*** PROVIDED MATERIAL ***
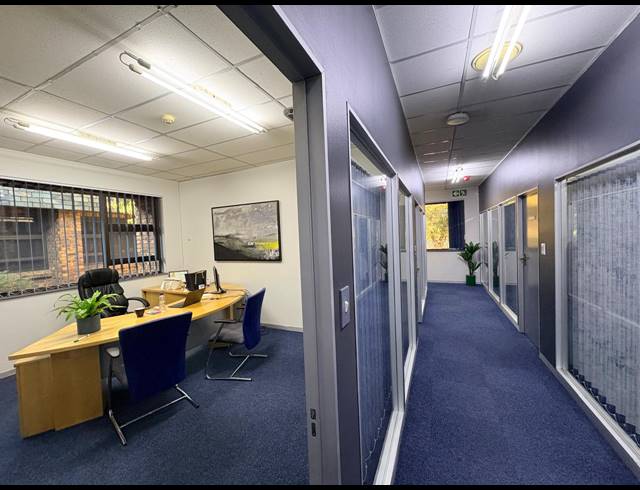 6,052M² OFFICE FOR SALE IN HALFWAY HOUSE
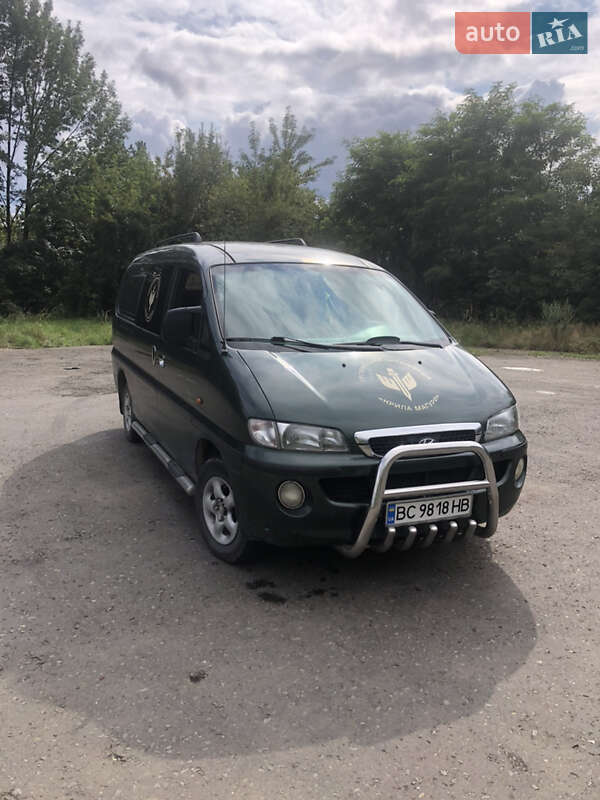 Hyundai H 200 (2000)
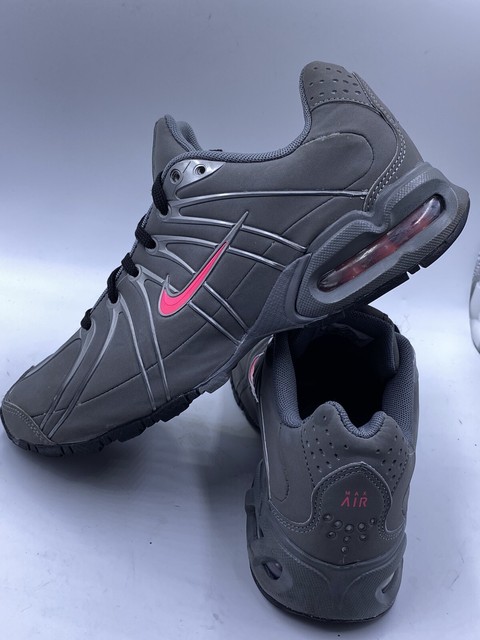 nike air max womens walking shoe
*** End of PROVIDED MATERIAL ***
A faithful copy of all the data above, without its pictures, is the expected result.

 6,052M² OFFICE FOR SALE IN HALFWAY HOUSE
 Hyundai H 200 (2000)
 nike air max womens walking shoe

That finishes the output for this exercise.